Bling enthusiasts: You know you want a Cartier icon, but do you know why?
When the going gets tough, it’s tough designs that get going. Cartier’s most successful products, for example, are also its most trend-resistant, and their popularity is now at an all-time high.
In times of uncertainty, people reach for the certain. After all, truisms can be grounding and comforting: Chicken soup is great for colds. There will always be a market for gold. Someone will want your Rolex Daytona. Everything is going to be alright.
It is the things that have stood time’s many, many tests that offer us hope that we can survive along with them. Knowing this reveals a big part of how luxury’s biggest brands are weathering this storm. The reason they have such healthy reserves is because over decades – and even centuries in some cases – they have mastered the art of timelessness.

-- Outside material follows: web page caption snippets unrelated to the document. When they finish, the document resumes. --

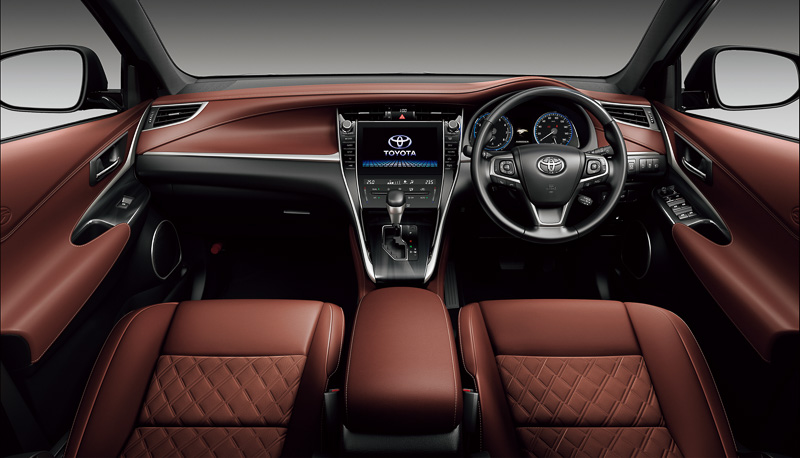 内装色ダークサドルタン：PROGRESS（ガソリン2WD車）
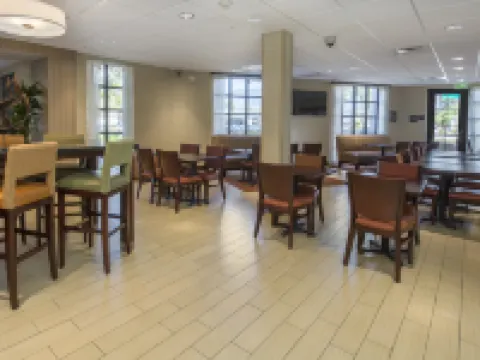 Hampton Inn by Hilton Santa Barbara/Goleta Hotels in Goleta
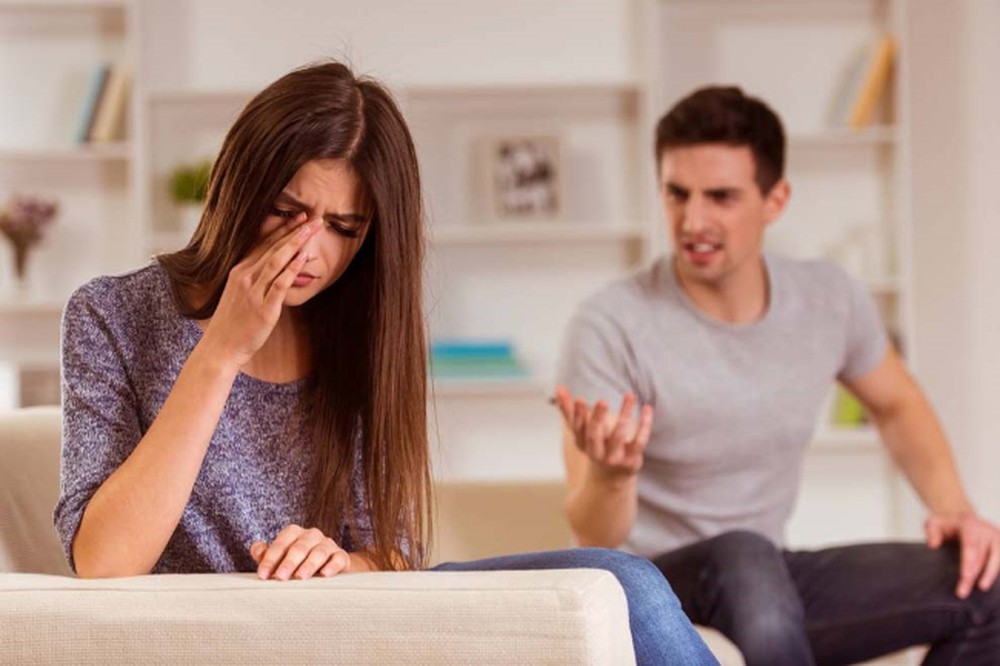 A 15,000 VND ice cream causes a sudden rift in the couple (illustration)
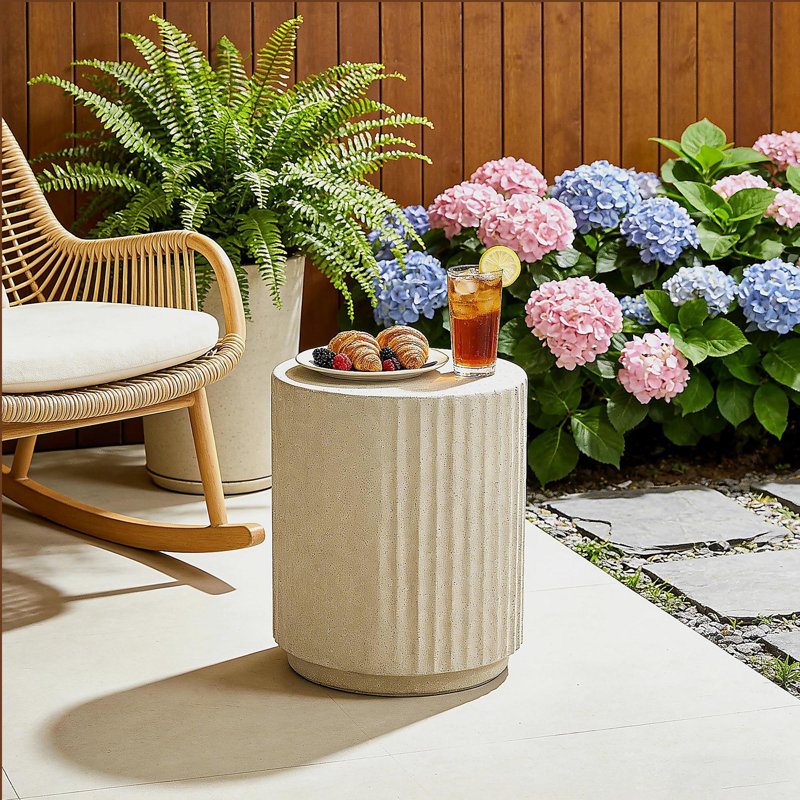 Table d'appoint d'extérieur Mgo, Beige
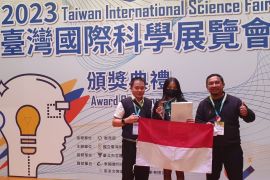 Nathania pelajar dari Jatim juara 1 "Taiwan International Science Fair 2023"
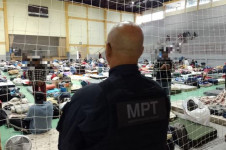 Trabalhadores encontrados em condi&ccedil;&otilde;es an&aacute;logas &agrave; escravid&atilde;o ficaram abrigados por dois dias em gin&aacute;sio de Bento Gon&ccedil;alves antes de retornar &agrave; Bahia
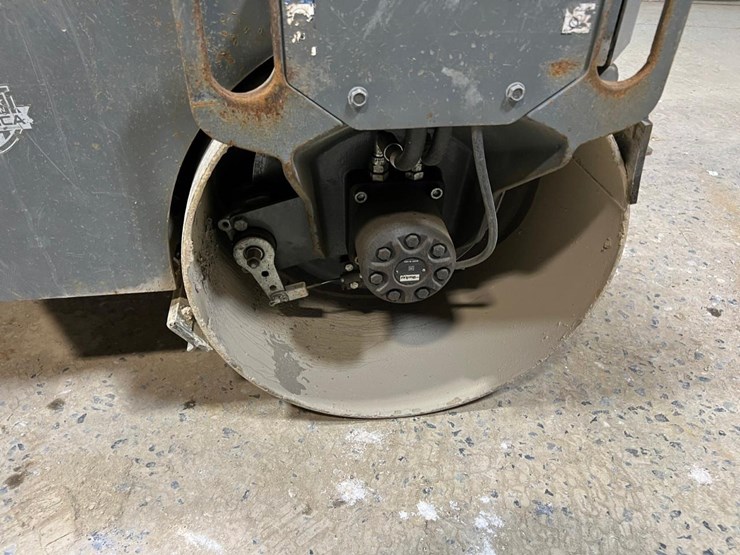 2021-wacker-neuson-rd12a-90-image-12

Given how the past year has been, this is a powerful boon.
According to Deloitte’s Global Powers of Luxury Goods 2020 report, creating legendary and iconic products is just as vital as promoting product scarcity and exclusivity where adaptability is concerned.
It stated: “Luxury goods create status that is resistant to the passing of time; and this makes luxury goods, handbags and watches in particular attractive to personal collectors and a secondhand market. In times of uncertainty luxury collectibles are considered a secure longer-term investment.”
Among these collectibles, there is one brand that is successful almost to a point of (well-deserved) smugness: Cartier. Its brand value has been on a non-stop climb in recent years, from US$6.7million (S$8.9 million) in 2017 to US$15 million in 2020. It was also last year that a Cartier Tutti Frutti bracelet sold for US$1.3 million at a Sotheby’s auction, breaking the record for highest price for any jewel sold in an online sale.
But it’s not these one-off, high jewellery pieces that the majority have access to, nor surprisingly even want.
Antonio Achille and Daniel Zipser of McKinsey & Company believe that “after a large-scale crisis with a heavy emotional toll, consumer preferences could shift… toward ‘silent luxury’ – paying more attention to classic elements, such as craftsmanship and heritage, and less to conspicuousness and ‘bling’.”
Not that Cartier ever needed bling to shine.
A lot of what makes something iconic is recognisability, and Cartier has achieved this from form alone. If we asked you to picture a rounded square watch with exposed screws on the bezel, chances are high you’ll be thinking of a Santos or a Panthere. “Love” and “bracelet” are generic words until they’re put together, and then an image of a bangle that needs a dedicated screwdriver to unlock might spring to mind.
Which brings us to Cartier’s next asset: Comfort.
The entire point of the Love Bracelet is that it’s hard to take off, giving its wearers some pretty story about being locked into love, so the bracelet had to be comfortable enough to be worn at all times. With this, Cartier essentially extended the jewellery occasion into an all-day, everyday affair.
It’s not just the Love Bracelet that has been engineered to be worn round the clock. The links in watch bracelets, the gentle curvature of a watch face, the rings’ smooth edges – every detail has been devilishly looked after.
Moreover, not a single line or stroke could be wasted in the drafting of these designs. Because when the overall shapes are so basic to begin with, it’s the minutiae that sets them apart.
Think about how the Tank watch manages to differentiate itself from every other rectangular dress watch on the market. To the casual observer it just has an angular case that extends straight into the lugs, but in Cartier’s words, it’s all about the “purity of the line” and the “accuracy of the shape”. Basically, Cartier knows how and when to leave things alone.
There is a fine line between purity and laziness, but it’s one that Cartier doesn’t tread – it just hunkers down and does the homework. Yes, the Juste un Clou really is “just a nail” as its name audaciously declares, but the precision of the bracelet’s proportions, together with its representation of freedom and rule-breaking, has made it a cult jewellery piece.
Likewise, the Ballon Bleu is not just another round watch, but an obsessive study in symmetry. The Trinity ring couldn’t have gone on to spawn bangles, earrings, pendants (and in some cases another shape entirely) if Cartier hadn’t added perspective and created depth to give dynamism to a familiar form.
Minimalism as a design movement only really took off in the 1960s and 1970s, which makes Cartier’s much older icons, like the Trinity ring, Santos and Tank watches, all the more remarkable in their longevity. Keeping things simple also allowed Cartier to introduce a great many variations, through complications, metals, precious stones and jewellery types, ensuring its designs reached as wide a demographic as possible.
Clearly, that strategy worked.
Cartier’s watches and jewellery are worn by men and women young and old, by celebrities and by normal folk. All because the brand was smart enough to see itself as a designer first and watchmaker/jeweller second.
Just like people, long-lived things have stories to tell. And Cartier has ensured that its story can be told again and again, in different guises, and across the generations. That’s the beauty of icons – they never get old.